The lines to copy are those in the listing that hold the word "Mens".

------------------------

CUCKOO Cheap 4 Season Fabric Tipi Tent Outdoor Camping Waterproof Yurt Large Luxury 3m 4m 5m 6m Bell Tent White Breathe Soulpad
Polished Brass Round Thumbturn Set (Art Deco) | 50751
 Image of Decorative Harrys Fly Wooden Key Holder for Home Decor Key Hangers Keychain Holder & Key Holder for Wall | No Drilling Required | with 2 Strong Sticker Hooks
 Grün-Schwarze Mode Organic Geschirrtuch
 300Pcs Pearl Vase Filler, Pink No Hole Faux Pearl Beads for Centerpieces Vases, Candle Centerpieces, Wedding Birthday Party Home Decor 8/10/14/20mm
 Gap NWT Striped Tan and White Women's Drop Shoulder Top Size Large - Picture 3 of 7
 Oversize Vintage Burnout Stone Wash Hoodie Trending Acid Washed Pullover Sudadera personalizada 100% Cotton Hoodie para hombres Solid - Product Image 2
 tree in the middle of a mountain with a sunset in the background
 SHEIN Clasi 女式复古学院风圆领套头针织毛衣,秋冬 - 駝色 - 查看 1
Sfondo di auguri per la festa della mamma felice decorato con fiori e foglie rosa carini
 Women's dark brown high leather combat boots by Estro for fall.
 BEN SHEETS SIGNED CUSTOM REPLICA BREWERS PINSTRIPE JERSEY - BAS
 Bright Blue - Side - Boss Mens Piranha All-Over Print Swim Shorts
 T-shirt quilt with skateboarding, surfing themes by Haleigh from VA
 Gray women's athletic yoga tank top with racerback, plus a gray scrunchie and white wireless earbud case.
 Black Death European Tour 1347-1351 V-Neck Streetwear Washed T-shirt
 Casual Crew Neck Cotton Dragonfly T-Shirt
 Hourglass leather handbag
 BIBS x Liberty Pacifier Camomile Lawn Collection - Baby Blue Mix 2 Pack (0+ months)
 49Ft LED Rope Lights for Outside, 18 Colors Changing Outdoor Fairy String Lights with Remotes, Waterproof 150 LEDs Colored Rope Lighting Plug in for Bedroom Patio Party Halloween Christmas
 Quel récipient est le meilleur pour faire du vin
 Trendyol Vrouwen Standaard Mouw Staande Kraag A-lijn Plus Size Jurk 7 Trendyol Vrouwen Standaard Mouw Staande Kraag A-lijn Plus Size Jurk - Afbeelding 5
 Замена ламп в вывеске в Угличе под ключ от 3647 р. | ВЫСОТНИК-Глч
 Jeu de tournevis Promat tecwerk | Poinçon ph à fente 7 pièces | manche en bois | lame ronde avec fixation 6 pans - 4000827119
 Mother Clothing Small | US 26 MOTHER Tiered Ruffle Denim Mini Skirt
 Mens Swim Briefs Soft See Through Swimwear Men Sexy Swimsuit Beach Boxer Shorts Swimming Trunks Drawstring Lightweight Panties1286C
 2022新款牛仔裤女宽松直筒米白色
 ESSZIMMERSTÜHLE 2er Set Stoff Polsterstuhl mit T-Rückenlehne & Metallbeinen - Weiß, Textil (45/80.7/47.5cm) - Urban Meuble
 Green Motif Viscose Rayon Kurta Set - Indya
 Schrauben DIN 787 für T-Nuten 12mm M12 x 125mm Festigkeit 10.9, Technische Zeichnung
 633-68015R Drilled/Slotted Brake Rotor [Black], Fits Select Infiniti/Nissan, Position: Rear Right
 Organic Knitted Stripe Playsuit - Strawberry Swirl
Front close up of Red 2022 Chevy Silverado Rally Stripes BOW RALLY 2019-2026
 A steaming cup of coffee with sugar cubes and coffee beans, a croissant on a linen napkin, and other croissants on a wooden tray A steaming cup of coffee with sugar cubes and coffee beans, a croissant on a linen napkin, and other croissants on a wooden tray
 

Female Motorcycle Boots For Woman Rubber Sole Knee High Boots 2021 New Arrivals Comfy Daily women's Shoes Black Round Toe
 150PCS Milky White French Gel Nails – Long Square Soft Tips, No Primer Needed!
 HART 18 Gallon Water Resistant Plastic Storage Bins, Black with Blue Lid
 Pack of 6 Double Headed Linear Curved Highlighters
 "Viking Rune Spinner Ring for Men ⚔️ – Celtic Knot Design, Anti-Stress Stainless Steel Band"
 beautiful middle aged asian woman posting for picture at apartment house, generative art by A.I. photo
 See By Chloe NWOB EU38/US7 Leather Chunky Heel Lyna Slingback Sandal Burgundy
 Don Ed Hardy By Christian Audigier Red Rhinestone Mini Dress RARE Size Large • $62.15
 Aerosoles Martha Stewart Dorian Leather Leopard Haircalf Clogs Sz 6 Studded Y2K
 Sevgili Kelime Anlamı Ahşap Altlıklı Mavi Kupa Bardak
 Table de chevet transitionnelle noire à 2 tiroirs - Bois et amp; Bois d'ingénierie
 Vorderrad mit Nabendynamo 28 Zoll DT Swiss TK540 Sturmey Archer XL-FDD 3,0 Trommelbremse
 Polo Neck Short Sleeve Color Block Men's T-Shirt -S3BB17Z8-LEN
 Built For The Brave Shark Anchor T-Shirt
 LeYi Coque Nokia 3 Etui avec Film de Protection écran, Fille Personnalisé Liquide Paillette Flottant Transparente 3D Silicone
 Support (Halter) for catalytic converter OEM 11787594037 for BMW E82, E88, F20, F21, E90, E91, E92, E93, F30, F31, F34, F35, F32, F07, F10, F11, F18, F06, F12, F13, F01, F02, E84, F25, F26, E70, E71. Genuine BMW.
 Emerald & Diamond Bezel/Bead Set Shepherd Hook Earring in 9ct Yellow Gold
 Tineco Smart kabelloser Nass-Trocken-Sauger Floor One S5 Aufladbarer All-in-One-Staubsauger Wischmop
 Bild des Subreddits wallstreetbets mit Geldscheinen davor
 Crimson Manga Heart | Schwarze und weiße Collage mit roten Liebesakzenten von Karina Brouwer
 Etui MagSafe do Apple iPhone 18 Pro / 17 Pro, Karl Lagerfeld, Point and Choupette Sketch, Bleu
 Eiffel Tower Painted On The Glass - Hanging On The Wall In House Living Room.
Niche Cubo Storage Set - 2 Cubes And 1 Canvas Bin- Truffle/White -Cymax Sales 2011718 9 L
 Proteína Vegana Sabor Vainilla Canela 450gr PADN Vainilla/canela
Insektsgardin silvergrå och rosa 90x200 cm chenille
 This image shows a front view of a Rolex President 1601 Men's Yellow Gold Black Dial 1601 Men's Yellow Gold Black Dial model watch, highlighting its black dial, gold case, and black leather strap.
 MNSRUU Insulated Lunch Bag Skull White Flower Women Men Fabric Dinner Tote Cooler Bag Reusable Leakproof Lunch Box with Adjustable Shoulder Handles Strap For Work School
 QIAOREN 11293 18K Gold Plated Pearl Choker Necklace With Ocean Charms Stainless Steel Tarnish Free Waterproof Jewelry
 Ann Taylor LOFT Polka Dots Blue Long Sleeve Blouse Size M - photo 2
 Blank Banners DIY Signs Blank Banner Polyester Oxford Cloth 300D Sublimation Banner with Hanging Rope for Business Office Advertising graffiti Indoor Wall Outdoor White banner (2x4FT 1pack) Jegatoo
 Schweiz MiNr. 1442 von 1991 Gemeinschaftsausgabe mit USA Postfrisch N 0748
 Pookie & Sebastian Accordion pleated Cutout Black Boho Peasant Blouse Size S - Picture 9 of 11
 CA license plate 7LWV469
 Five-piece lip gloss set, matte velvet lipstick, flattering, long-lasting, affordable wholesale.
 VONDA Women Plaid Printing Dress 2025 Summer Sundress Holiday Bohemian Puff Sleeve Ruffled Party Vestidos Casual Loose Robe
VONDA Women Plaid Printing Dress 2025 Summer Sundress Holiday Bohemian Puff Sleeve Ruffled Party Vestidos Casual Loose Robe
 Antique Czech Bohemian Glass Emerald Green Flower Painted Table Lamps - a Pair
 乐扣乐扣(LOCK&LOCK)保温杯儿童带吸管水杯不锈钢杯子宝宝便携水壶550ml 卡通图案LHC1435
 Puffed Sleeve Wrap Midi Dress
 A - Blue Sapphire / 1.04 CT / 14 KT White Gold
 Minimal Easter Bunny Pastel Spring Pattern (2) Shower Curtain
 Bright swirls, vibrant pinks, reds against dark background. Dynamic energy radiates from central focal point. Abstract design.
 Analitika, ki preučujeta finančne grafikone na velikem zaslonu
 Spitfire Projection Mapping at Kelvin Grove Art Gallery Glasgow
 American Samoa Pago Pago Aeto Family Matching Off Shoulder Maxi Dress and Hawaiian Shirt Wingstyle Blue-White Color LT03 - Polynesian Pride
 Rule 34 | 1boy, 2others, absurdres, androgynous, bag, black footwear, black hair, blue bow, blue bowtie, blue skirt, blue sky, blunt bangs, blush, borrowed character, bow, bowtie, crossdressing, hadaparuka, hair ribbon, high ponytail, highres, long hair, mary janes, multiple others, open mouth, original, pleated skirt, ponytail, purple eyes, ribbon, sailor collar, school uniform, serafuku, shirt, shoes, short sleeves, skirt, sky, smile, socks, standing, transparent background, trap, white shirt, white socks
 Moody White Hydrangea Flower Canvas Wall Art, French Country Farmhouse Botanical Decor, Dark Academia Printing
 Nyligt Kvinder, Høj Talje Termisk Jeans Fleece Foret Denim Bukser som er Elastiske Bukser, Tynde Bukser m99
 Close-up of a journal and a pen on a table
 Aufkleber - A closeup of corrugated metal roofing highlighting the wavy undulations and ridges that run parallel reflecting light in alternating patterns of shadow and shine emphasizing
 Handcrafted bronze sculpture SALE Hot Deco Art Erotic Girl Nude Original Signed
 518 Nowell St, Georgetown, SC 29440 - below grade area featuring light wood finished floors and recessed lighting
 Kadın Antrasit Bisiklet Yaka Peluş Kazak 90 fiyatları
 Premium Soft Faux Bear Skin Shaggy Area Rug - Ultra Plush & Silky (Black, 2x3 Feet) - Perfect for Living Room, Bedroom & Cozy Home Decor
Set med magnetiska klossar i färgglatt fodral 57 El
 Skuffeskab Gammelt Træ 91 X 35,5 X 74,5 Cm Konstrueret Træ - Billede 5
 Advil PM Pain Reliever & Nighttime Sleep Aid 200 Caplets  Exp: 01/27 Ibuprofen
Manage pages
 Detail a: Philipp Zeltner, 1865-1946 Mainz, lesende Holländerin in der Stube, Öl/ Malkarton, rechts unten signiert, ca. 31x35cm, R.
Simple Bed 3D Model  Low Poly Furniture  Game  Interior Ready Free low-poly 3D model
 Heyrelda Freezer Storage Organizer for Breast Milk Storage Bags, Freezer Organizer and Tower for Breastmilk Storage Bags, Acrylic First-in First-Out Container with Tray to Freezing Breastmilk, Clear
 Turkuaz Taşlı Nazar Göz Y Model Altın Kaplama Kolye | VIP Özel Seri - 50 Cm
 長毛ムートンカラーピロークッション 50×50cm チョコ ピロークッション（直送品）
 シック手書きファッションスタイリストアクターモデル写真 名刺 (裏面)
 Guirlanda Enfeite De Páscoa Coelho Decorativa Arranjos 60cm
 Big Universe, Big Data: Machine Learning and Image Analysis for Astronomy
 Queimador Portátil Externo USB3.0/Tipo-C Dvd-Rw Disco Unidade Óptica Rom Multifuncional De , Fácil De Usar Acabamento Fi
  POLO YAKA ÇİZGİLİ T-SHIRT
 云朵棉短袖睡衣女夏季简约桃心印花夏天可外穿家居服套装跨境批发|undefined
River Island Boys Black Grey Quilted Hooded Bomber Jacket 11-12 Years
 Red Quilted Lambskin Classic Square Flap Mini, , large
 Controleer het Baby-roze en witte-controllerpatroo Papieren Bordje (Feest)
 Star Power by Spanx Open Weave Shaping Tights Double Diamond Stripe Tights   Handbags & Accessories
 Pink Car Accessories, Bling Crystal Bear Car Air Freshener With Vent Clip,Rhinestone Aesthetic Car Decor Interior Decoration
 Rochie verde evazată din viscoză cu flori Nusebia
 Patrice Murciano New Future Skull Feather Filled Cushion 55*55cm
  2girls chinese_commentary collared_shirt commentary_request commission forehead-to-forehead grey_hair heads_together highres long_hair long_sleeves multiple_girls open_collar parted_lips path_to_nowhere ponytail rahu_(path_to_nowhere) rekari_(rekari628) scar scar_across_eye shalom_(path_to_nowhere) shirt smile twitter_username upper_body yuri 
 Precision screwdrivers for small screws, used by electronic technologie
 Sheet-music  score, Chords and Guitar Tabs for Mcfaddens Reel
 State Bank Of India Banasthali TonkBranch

------------------------

[Answer box]
 Bright Blue - Side - Boss Mens Piranha All-Over Print Swim Shorts
 Mens Swim Briefs Soft See Through Swimwear Men Sexy Swimsuit Beach Boxer Shorts Swimming Trunks Drawstring Lightweight Panties1286C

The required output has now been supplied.